Like with invite-user-to-project!, in Clojure you could easily have that function return different things, maybe it returns true if succeeded, nil if missing user, :no-project-found if missing the project, etc.

Though I’ve done things like wrap in a vector or a map often, but that’s also a lot less ceremony than creating a custom result type.

I’ve also seen this in the past and thought about it for some cases: GitHub - lambdaisland/uniontypes: Union Types (ADTs, sum types) built on clojure.spec but never really felt the need for it I guess.

Hadn’t seen keechma/pipeline before, but I had seen plumbing, though never tried it. I think my issue at first glance with both of them is that they seem a little limiting still.

Plumbing I don’t see how you’d setup conditional and recursive flows. With let you can do:

(let
  [foo (get-something)
   bar (case foo :buzz (do-buzz) :bazz (do-bazz)
   biz (save foo bar)]
  {:result biz})

Which eventually I’ve found I need to do some conditionals in my flows at some point.

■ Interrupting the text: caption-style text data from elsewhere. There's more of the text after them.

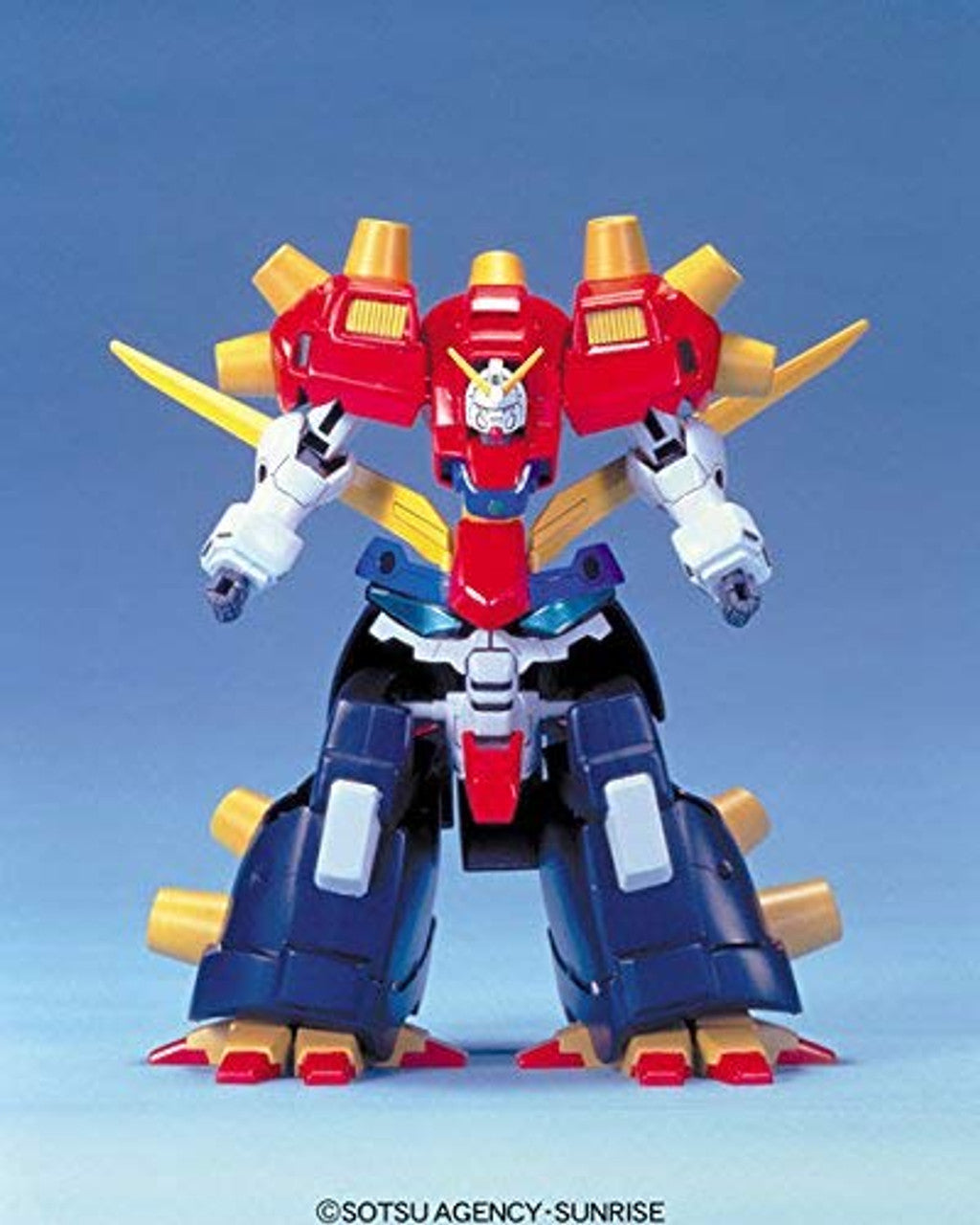 1/144 Devil Gundam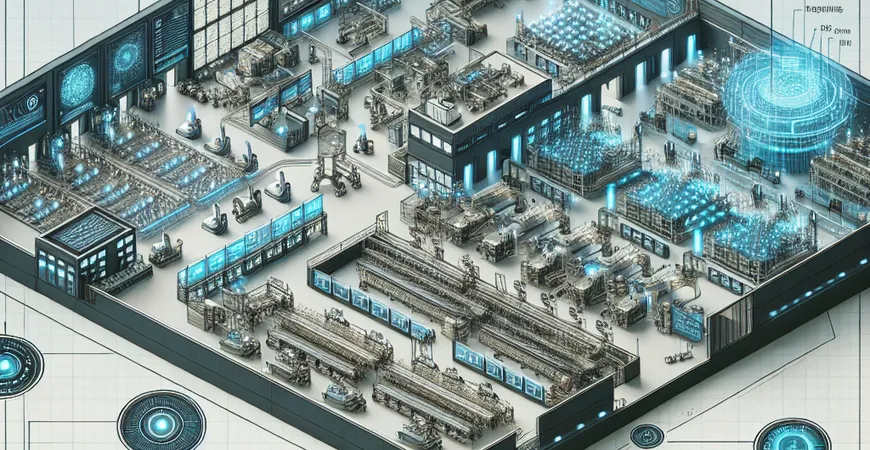 2025年制造业的转型，如何实现智能化生产执行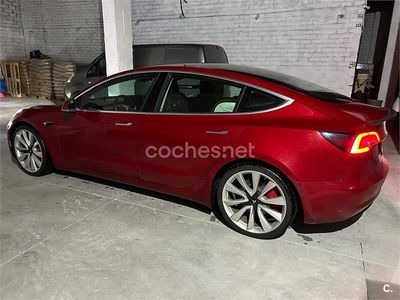 Usado Tesla Model 3 Performance 341 kW (464 CV) 2019 Eléctrico Berlina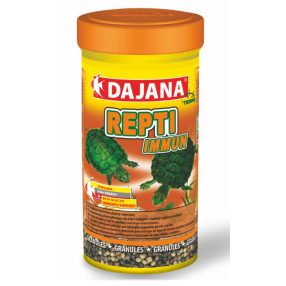   Dajana Repti Immun | Immunerősítő granulátum teknősök részére - 100ml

Or for recursive flows like:

(let
  [foo
   (loop [foo (get-something) attempt 3]
     (if (and (nil? foo) (pos? attempt))
       (recur (get-something) (dec attempt))
       foo))
   bar (case foo :buzz (do-buzz) :bazz (do-bazz)
   biz (save foo bar)]
  {:result biz})

And for keechma/pipeline it seems that you can’t choose prior results to pass to the next, it’s always the previous result passed to the next function. So say you want to do:

(let
  [thing (get-thing)
   other-thing (get-other-thing)
   foo (do-something thing other-thing)
   baz (save foo)]
  {:result baz})

I guess you can maneuver around it either by using the pipeline state or by threading a map, not sure if there’s downsides to that.

In general, I’ve thought about this kind of thing before, I’m sure there could be something ergonomic, but it’s a balance between using standard Turing complete Clojure to model whatever flow you want, or come up with something a bit more structured/frameworky that lets you do it possibly more conveniently and declaratively with maybe some nice features like custom scheduling of steps and all that, but at the detriment of maybe being more limiting in some ways, or simply being more cryptic and requiring people to first learn the “framework”.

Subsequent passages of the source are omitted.